* Task brief
A faithful copy of the data is what is wanted, minus any pictures.

* Supplied material
********
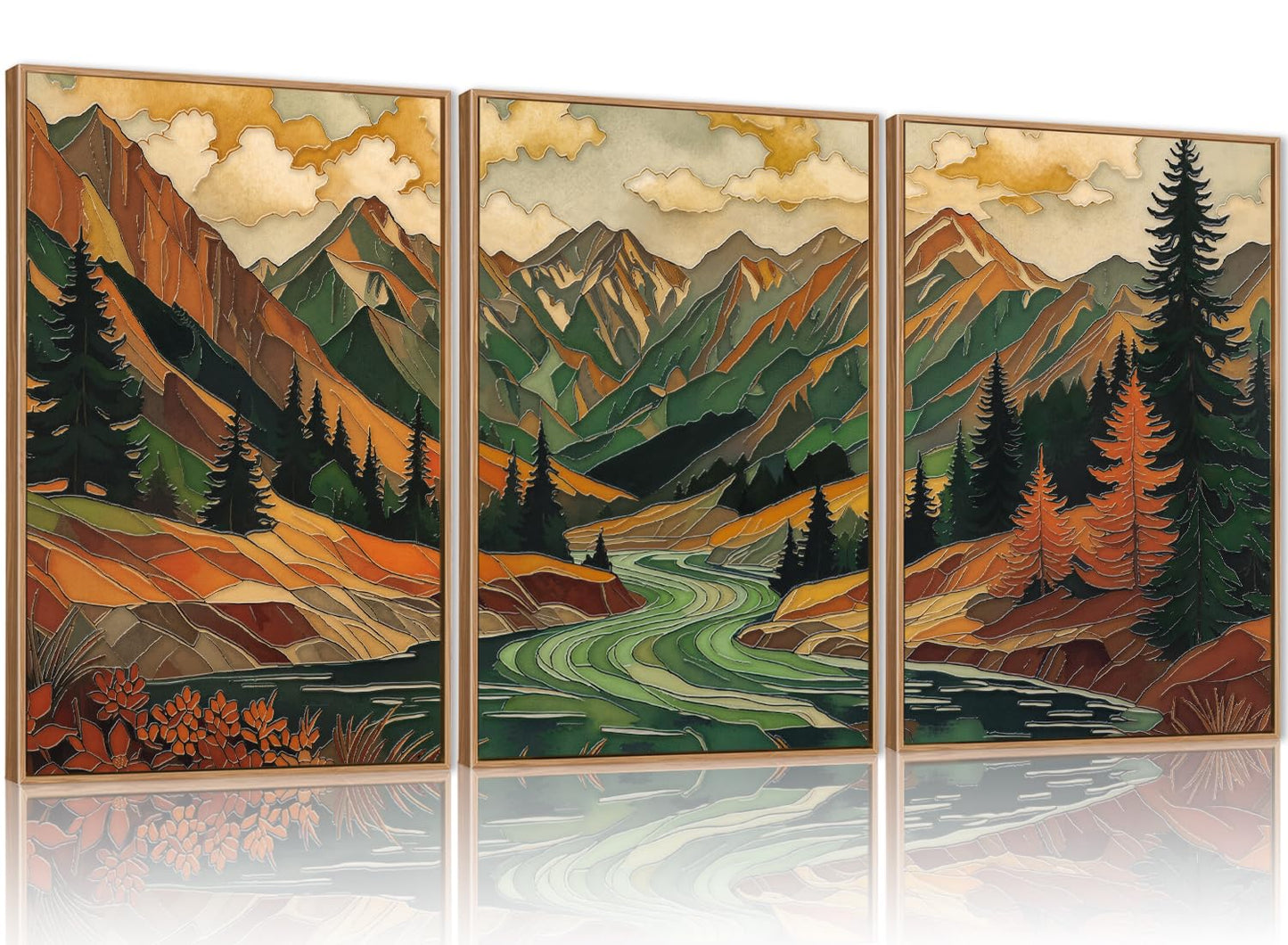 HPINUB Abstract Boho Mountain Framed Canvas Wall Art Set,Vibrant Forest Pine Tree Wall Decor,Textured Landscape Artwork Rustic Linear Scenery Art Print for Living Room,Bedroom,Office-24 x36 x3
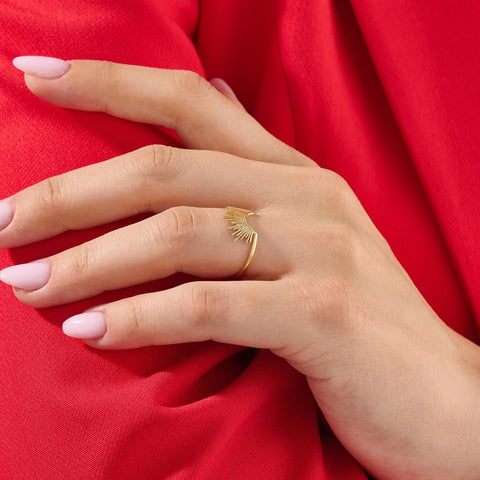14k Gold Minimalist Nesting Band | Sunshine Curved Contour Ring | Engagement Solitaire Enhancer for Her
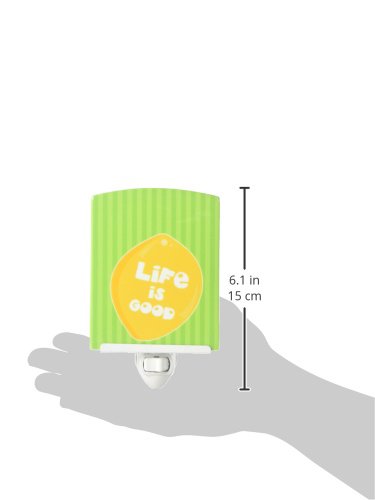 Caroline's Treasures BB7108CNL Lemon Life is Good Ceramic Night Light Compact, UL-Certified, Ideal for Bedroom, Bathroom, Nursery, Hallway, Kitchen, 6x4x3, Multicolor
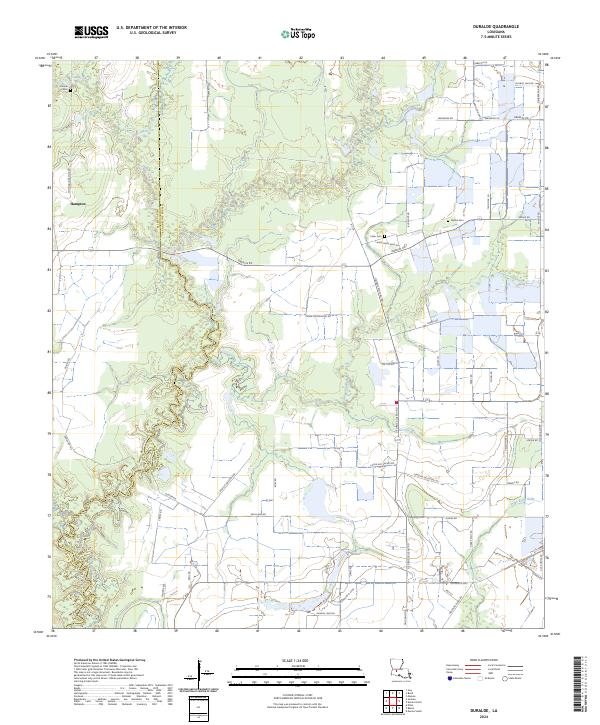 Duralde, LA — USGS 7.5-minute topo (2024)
********
* Solution to this exercise
 HPINUB Abstract Boho Mountain Framed Canvas Wall Art Set,Vibrant Forest Pine Tree Wall Decor,Textured Landscape Artwork Rustic Linear Scenery Art Print for Living Room,Bedroom,Office-24 x36 x3
14k Gold Minimalist Nesting Band | Sunshine Curved Contour Ring | Engagement Solitaire Enhancer for Her
 Caroline's Treasures BB7108CNL Lemon Life is Good Ceramic Night Light Compact, UL-Certified, Ideal for Bedroom, Bathroom, Nursery, Hallway, Kitchen, 6x4x3, Multicolor
 Duralde, LA — USGS 7.5-minute topo (2024)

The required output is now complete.